Exercise data below:
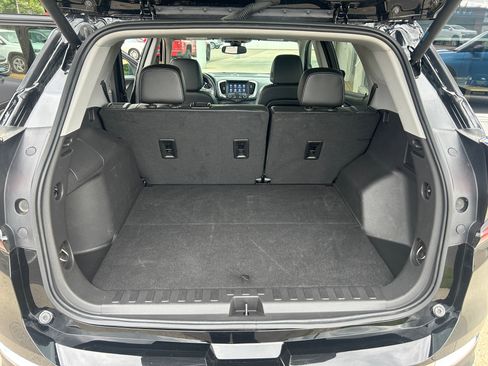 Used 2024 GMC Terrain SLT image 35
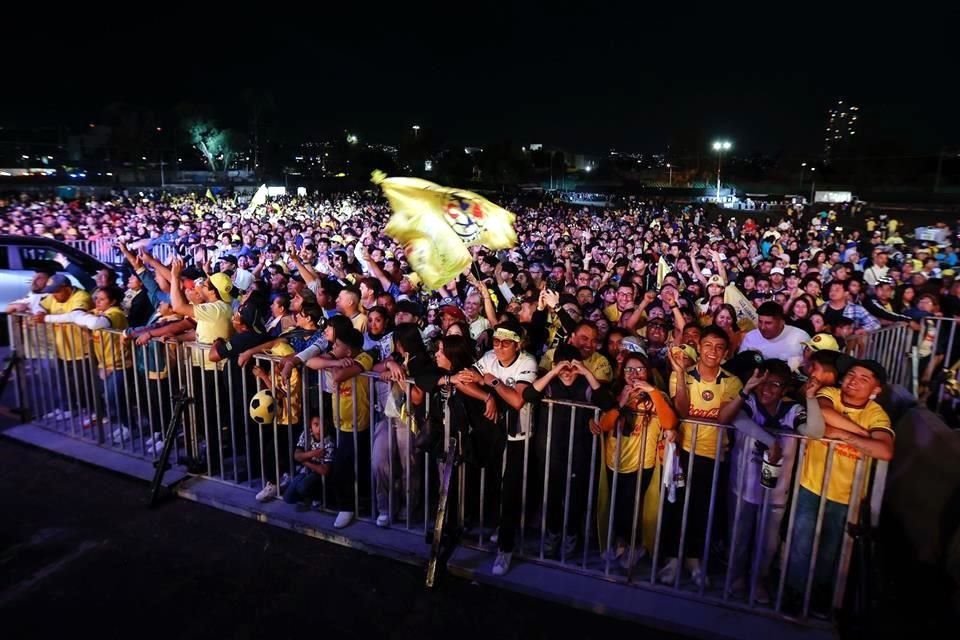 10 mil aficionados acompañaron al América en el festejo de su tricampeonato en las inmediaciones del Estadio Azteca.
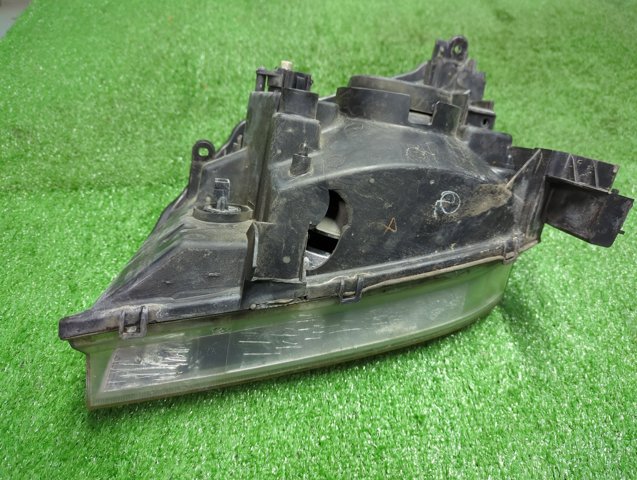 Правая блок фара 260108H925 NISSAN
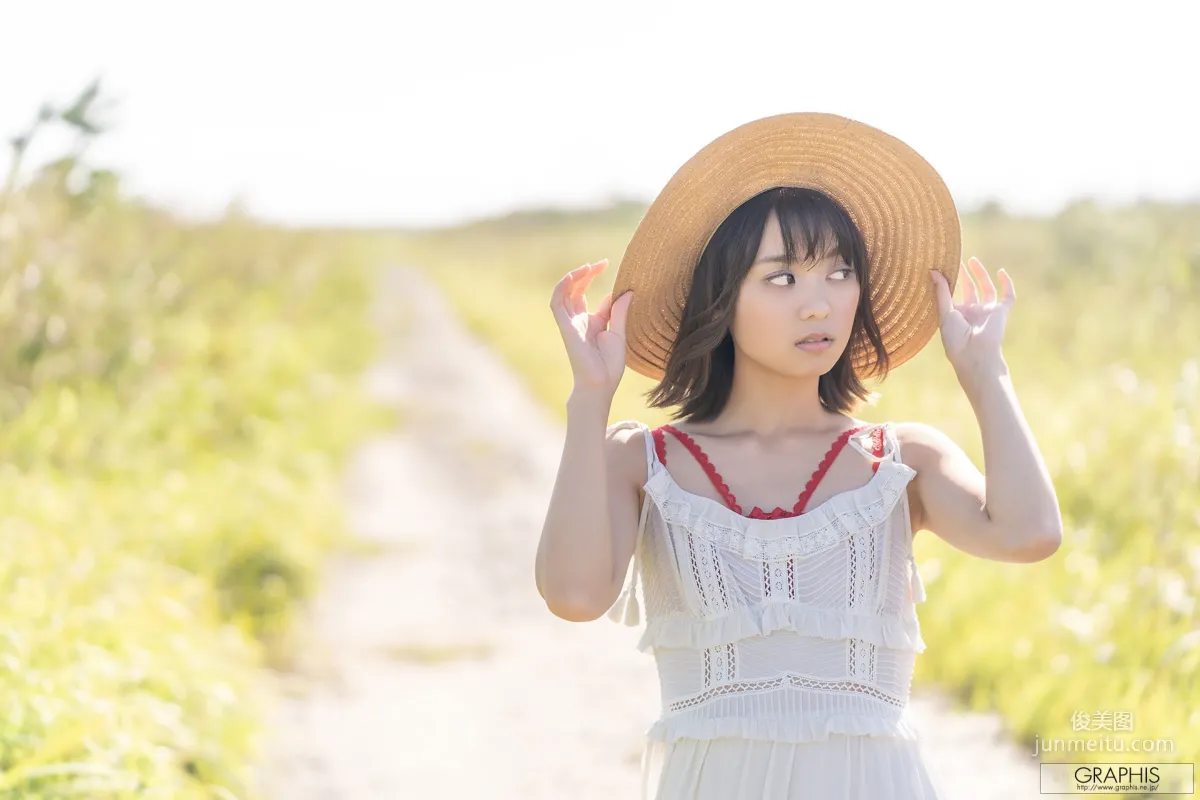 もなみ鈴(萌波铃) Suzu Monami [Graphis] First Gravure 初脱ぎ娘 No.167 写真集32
End of Exercise data.
▶ **What to do**: The material above is to be set down exactly, with pictures removed.

▶ **Reply to the task**:
 Used 2024 GMC Terrain SLT image 35
 10 mil aficionados acompañaron al América en el festejo de su tricampeonato en las inmediaciones del Estadio Azteca.
 Правая блок фара 260108H925 NISSAN
 もなみ鈴(萌波铃) Suzu Monami [Graphis] First Gravure 初脱ぎ娘 No.167 写真集32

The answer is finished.